Exercise
Scan the listing below and copy each line holding the word "Series".

Material for the task
= Beginning of Section =

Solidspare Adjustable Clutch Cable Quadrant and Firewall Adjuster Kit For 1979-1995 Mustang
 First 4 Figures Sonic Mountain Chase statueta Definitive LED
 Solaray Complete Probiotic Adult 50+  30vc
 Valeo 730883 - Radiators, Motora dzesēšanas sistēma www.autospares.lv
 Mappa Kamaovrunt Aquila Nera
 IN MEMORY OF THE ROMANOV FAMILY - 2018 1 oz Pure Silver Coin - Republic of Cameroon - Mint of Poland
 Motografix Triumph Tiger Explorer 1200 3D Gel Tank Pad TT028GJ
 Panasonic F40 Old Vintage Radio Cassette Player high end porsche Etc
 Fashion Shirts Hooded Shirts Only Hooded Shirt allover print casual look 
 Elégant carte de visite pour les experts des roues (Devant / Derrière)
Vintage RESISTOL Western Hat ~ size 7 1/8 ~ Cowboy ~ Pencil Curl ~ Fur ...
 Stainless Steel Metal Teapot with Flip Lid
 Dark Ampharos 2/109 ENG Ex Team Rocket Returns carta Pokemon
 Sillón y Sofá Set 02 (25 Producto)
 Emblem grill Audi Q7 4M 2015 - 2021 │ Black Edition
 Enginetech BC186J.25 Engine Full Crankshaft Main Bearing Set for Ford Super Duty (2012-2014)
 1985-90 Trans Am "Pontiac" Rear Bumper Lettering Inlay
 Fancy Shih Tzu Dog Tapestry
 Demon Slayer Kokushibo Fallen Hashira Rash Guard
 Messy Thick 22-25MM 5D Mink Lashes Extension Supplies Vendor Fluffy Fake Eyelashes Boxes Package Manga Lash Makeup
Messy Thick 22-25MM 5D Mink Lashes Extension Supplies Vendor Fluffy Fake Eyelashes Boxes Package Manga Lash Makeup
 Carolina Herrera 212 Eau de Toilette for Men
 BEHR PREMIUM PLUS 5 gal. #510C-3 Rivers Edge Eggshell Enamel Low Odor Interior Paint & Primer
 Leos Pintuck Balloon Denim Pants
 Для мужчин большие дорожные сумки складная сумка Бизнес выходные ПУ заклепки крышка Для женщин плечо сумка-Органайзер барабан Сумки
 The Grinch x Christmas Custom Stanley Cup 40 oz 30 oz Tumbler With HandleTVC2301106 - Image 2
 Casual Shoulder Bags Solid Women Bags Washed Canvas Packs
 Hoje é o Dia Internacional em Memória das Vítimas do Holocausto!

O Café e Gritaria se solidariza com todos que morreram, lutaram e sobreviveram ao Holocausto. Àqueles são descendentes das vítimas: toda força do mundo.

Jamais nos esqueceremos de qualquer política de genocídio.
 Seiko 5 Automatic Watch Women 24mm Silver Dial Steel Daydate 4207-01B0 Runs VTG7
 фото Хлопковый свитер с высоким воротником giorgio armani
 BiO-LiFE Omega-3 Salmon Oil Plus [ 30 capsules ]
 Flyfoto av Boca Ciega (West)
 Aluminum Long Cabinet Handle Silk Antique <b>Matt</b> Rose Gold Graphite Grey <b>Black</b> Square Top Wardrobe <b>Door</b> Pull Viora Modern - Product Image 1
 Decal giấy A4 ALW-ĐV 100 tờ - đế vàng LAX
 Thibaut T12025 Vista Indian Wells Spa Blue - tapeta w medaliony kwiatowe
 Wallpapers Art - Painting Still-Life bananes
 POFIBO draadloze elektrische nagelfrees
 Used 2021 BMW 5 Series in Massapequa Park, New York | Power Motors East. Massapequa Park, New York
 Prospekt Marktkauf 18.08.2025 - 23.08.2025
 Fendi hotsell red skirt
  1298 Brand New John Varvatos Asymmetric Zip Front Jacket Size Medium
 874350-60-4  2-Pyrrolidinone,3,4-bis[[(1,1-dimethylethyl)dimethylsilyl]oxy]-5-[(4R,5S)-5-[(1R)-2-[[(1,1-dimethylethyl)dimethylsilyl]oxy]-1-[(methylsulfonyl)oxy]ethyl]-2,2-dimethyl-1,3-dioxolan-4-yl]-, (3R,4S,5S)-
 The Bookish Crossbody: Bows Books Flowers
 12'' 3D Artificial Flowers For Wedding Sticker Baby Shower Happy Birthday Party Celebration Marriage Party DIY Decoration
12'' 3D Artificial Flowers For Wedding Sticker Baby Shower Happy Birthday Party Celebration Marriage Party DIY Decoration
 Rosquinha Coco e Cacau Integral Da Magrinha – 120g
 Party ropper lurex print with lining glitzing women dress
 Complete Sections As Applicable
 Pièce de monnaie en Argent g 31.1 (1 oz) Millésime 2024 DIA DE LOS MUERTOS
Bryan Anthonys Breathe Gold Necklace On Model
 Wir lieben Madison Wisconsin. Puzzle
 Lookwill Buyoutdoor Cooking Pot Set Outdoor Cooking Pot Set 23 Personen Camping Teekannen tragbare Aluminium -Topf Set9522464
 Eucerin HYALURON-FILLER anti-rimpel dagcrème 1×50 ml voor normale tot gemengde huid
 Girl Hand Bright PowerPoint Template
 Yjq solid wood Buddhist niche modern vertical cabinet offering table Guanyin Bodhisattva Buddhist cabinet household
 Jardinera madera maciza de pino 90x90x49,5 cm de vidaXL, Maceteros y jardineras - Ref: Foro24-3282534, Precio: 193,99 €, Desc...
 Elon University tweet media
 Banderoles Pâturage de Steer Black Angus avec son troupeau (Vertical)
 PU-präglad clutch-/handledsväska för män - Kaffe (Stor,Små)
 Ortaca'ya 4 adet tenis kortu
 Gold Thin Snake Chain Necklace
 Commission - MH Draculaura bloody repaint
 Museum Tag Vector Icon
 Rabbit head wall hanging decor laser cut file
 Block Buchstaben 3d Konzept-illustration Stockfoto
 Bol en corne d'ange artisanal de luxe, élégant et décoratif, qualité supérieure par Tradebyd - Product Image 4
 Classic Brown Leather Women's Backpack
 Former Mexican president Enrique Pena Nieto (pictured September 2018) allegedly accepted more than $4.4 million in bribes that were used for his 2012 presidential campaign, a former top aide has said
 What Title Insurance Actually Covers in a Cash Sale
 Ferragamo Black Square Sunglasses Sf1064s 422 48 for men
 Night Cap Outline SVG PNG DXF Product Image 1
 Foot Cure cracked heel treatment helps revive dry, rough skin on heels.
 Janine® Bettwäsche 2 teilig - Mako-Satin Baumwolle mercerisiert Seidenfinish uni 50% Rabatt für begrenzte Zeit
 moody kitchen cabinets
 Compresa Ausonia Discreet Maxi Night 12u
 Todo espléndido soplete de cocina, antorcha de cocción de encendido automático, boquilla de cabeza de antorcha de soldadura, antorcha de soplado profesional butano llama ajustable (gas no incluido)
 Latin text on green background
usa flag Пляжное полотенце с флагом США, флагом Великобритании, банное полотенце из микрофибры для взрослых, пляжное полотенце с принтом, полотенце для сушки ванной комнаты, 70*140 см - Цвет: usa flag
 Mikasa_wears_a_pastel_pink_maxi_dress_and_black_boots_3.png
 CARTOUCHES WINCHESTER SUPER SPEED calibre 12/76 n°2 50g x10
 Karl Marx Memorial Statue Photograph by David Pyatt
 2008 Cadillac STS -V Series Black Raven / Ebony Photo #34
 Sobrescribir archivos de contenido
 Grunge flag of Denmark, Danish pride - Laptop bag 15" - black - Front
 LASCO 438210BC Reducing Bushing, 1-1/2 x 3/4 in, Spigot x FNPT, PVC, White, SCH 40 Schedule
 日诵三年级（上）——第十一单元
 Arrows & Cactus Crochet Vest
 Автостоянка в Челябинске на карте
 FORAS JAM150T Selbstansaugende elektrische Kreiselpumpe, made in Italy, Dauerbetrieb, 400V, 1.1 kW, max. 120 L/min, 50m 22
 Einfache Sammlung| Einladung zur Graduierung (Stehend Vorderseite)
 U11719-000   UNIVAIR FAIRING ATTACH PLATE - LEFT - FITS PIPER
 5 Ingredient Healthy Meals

= End of Section =

Solved problem
 Used 2021 BMW 5 Series in Massapequa Park, New York | Power Motors East. Massapequa Park, New York
 2008 Cadillac STS -V Series Black Raven / Ebony Photo #34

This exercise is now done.